Yeah I cancelled the order. Ended up like $40 for the book and $60 postage. A little over the top.


----------



## Angel of Blood (Aug 18, 2010)

What site was that from? Hell of a shipping cost, even for a book.


----------



## Brother Subtle (May 24, 2009)

Angel of Blood said:


> What site was that from? Hell of a shipping cost, even for a book.


Was from AbesBooks. But shipping costs are dependent on the individual seller. I try to avoid buying from the US like the plague. Shipping from the UK>AUS is about 1/3 of what USA>AUS is.


----------



## Child-of-the-Emperor (Feb 22, 2009)

This is the reason why I switched to ebooks a while ago, much cheaper. 



Brother Subtle said:


> Was from AbesBooks. But shipping costs are dependent on the individual seller. I try to avoid buying from the US like the plague. Shipping from the UK>AUS is about 1/3 of what USA>AUS is.
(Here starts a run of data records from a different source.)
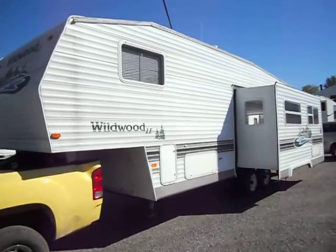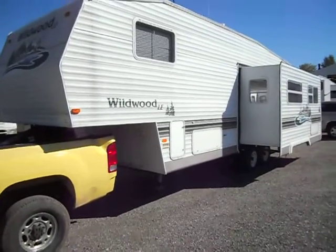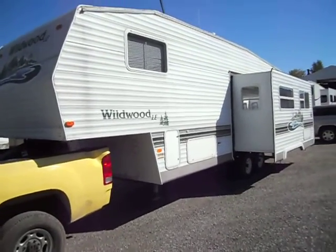Hi, welcome to 4Z's RV. What we have today is a 2003 Wildwood LE Series 2 RL SS.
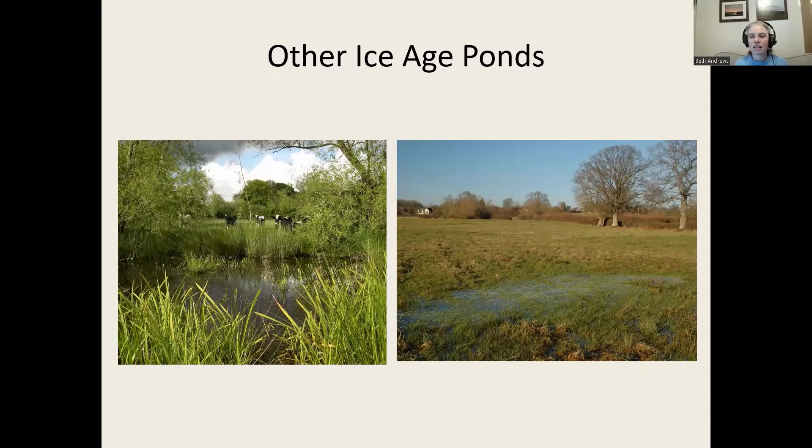That was the first kind of kettle hole. As we've done this project, we started to notice the ponds weren't all the same. Even though Herefordshire isn't very large, it has slightly different shapes of land, and the ponds looked a bit different. We started to think there's more to this story than just blocks of ice buried by a retreating glacier. One different kind is what you see at the Sturtz Nature Reserve over near Letton.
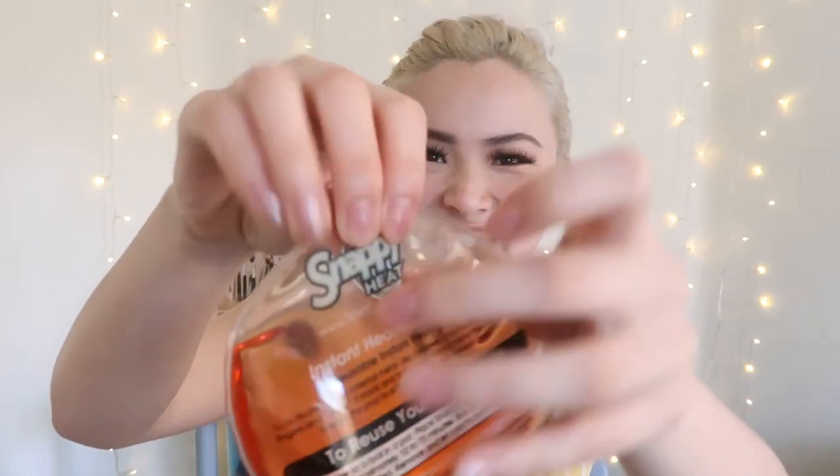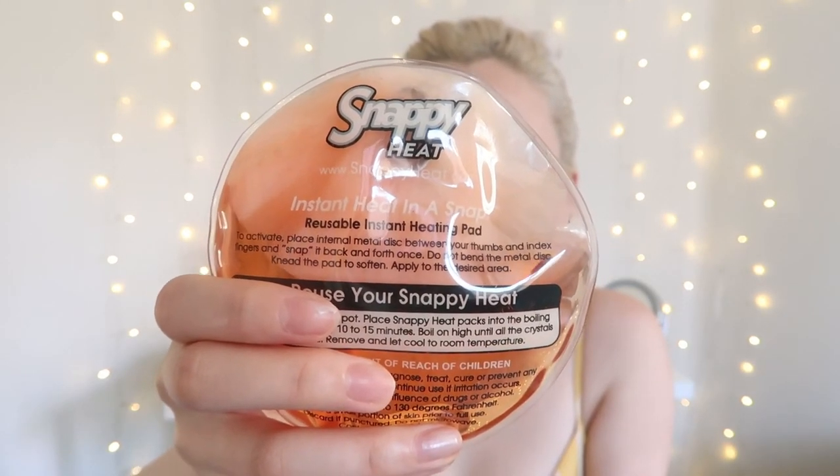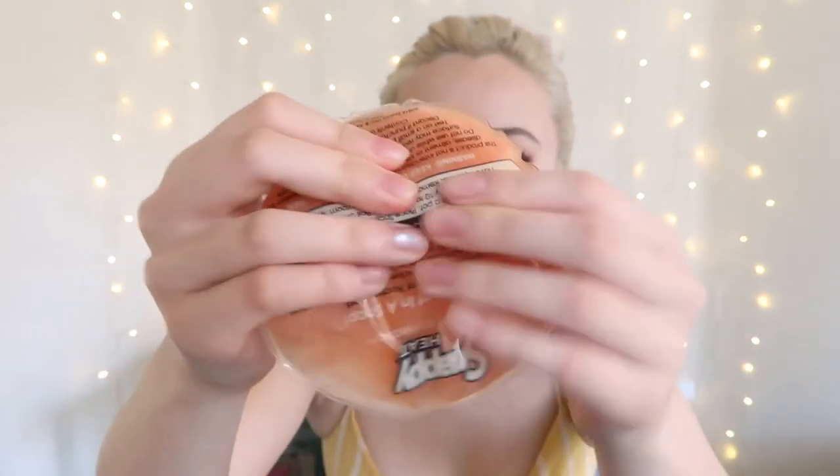Not everybody knows about these, but I really love them. They're called Snappy Heat — basically a hand warmer that I use for period cramps. I get really bad period cramps. All you have to do is find the little metal disc, snap it, and an exothermic reaction happens — it solidifies and gets very warm. You just put it on your stomach or your lower back. It feels really good and eases the cramps and pain. They're also great when it's freezing outside. They're only around $20 on Amazon for a pack of eight, and you can boil them to reset and reuse as many times as you want.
Commonwealth innit. :victory:


----------



## Khorne's Fist (Jul 18, 2008)

I certainly wouldn't pay that. I got caught once for postage from the States. It's ridiculous. You can be guaranteed that when the package arrives postage will have cost nowhere near that. The price of a cardboard box and some packaging doesn't come anywhere close to the difference.


----------



## Znoz (Feb 9, 2013)

I think price is big, but not huge.
If you want to read it - download e-book somewhere. If you need it for your collection - buy.


----------



## Hachiko (Jan 26, 2011)

I don't think the book would be a full 2 kgs, would it? Even with some bubble wrap and 5ozs for the box, I'm guessing 3 lbs. tops. Shipping from the US to AUS for that, declaring a $5 value is $28.40 (still a helluva lot). Guess the sellers are trying to jerk customers for a handling charge.

Didn't realize the demand for the Ravenor omni was getting this high. I'm thinking about putting my copy (soft cover omni) up for bids and letting the secondary market work its magic.


----------